From here, you can observe the street life below or enjoy a panoramic view of Kathmandu’s jumbled canopy of red brick buildings while sampling the Nepalese food and sipping a cold Everest beer.
Getting around in Nepal
From Kathmandu, it’s time to venture deeper into Nepal.
First, I’ve got some bad news: the infrastructure in Nepal can be pretty horrendous. If you’re travelling overland, it’s not unusual to get stuck in traffic or face cracked and potholed roads.
Still, with a bit of patience, it’s not difficult to navigate Nepal. It’s also a fun experience to ride the colourful buses that plough the routes between the cities, their windshields often decorated with stickers, religious figures, or plastic flowers.
You can book bus tickets at any of the small tourist offices you can find locally. If you wish to pre-book, it works well to use the Asian booking site 12Go.

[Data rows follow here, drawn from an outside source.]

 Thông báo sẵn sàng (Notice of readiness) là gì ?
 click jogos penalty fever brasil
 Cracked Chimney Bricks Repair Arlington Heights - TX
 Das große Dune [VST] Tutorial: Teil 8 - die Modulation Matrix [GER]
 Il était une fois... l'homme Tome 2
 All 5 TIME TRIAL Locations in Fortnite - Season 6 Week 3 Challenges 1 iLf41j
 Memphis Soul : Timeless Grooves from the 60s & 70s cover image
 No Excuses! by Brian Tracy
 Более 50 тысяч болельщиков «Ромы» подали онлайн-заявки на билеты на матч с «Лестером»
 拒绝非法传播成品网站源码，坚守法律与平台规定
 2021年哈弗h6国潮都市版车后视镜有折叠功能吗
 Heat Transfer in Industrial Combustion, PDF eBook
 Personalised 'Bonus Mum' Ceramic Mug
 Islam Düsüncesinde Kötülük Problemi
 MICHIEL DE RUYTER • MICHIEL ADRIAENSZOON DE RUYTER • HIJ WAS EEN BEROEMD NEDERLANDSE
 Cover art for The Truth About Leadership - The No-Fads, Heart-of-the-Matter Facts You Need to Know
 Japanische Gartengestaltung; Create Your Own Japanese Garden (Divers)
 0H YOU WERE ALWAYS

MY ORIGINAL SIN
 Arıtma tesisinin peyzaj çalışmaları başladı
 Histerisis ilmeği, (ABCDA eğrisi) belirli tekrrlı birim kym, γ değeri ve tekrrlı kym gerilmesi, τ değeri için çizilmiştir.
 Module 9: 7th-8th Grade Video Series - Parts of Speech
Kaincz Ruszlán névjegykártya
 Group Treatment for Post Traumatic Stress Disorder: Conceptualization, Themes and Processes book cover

Several domestic airlines, including Buddha Air and Yeti Airlines, fly from Kathmandu. I should mention that Nepal’s aviation safety record is not the best, with a long history of incidents and the EU keeping Nepal on an airline safety blacklist.
Of course, for some utterly mind-blowing views of the Himalayan peaks from the plane windows, so you may find this worth the extremely tiny probability of getting an unwanted close-up view.
I’m joking a bit, but it’s good to keep safety concerns in perspective, even though it’s still important to mention. Yeti Airlines has two dedicated sightseeing flights, the Everest Express and Annapurna Express, should you just want to fly for the views.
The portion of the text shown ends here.